We saw Tár (Todd Field, 2022) which was very good. I found the main character’s way of talking very odd at first. It felt like every sentence was, “and now I’ll deliver this line like this…” while everyone else seemed much more natural. I’m unclear if that was the character – everything they said was calculated and a front – or odd acting, or something else.


§ The past few weeks we’ve watched the first two seasons of Narcos on Netflix, about the attempts to reign in and capture, or kill, Pablo Escobar. Leaving aside any ethical questions about making entertainment from the lives of murderous drug dealers, it was, er, entertaining! We started season three but not sure we’ll continue, one main story having wrapped up now.

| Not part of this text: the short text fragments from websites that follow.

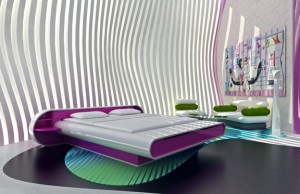 Komb House - Casa inteligentemente concebida e ecológica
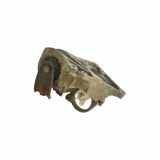 Lagerung für Achsträger Peugeot 407 () 9644668280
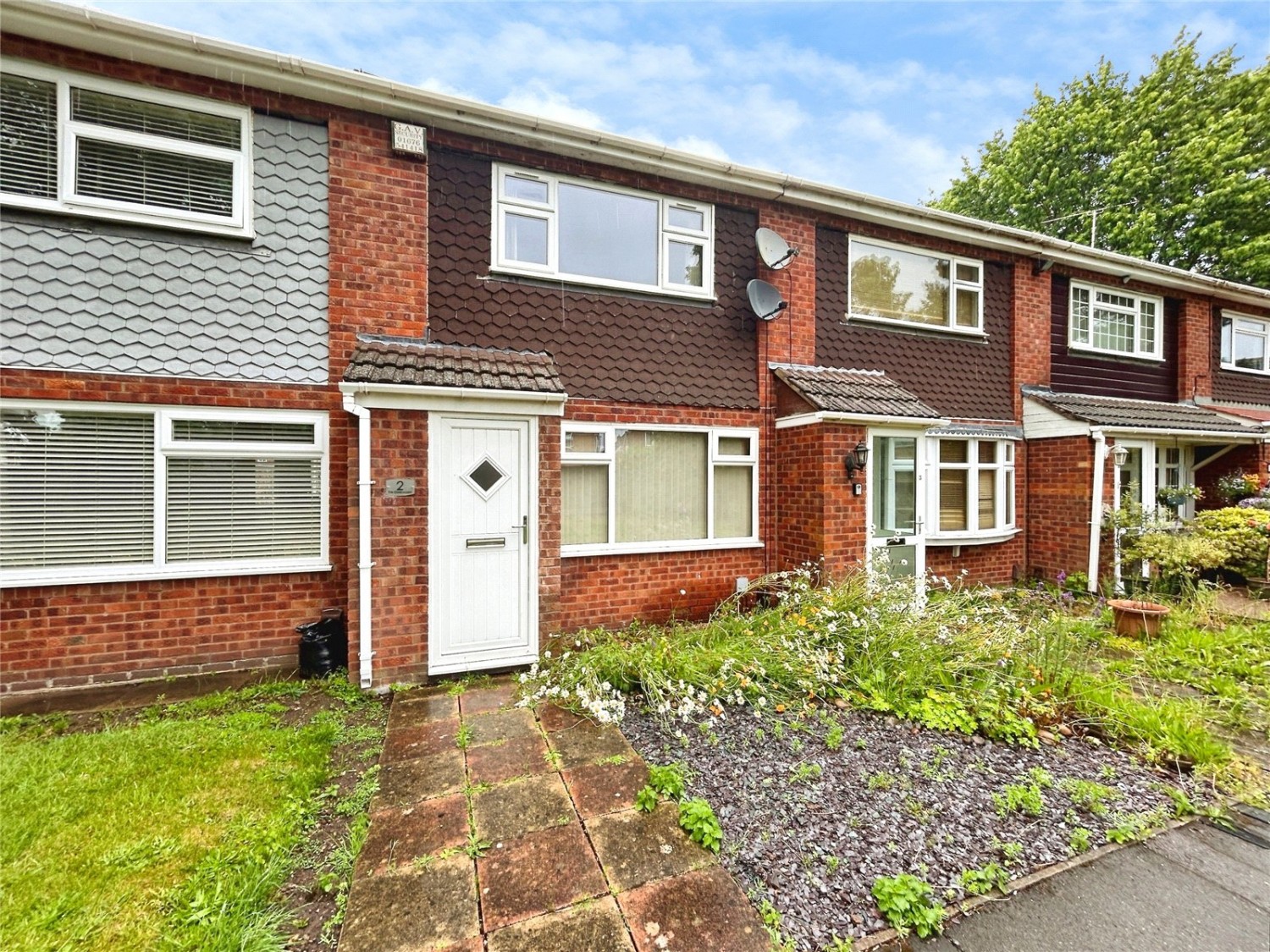 Binley, Coventry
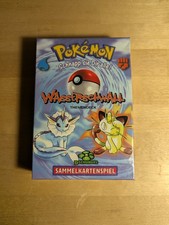 Pokemon Karten Themendeck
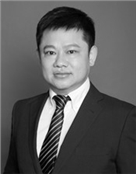 复旦大学副教授罗兴章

Happy Valley season three finished after I wrote last week, and that was very good. A satisfying and not entirely expected ending. A very good character and lead actor. One thing the show does better than some Very Serious thrillers is that people in it have a sense of humour.

We’ve also now watched both seasons of The White Lotus which was extremely enjoyable. An episode or two into the second season I was feeling a bit that it didn’t really “touch the sides”. Like, it brings up various Big Issues related to the characters and the modern world as if it’s doing Important Work, but I didn’t feel much sticking, making a lasting impression on me, whether that was fleeting thoughts about said issues, or the characters themselves.

But season two was better than the first. It felt a bit less preachy about the characters and the wider setting – not solely set in a resort – worked better than I expected; it’s the kind of change that could ruin the claustrophobia of a group of people on holiday. It also felt less predictable, hard to guess exactly who would do what with or to who.

I particuarly enjoyed the interactions between Portia and Jack (who stood out brilliantly as a very Essex Man) – they seemed wonderfully real.


§ That’s a lot. Thank you for your time.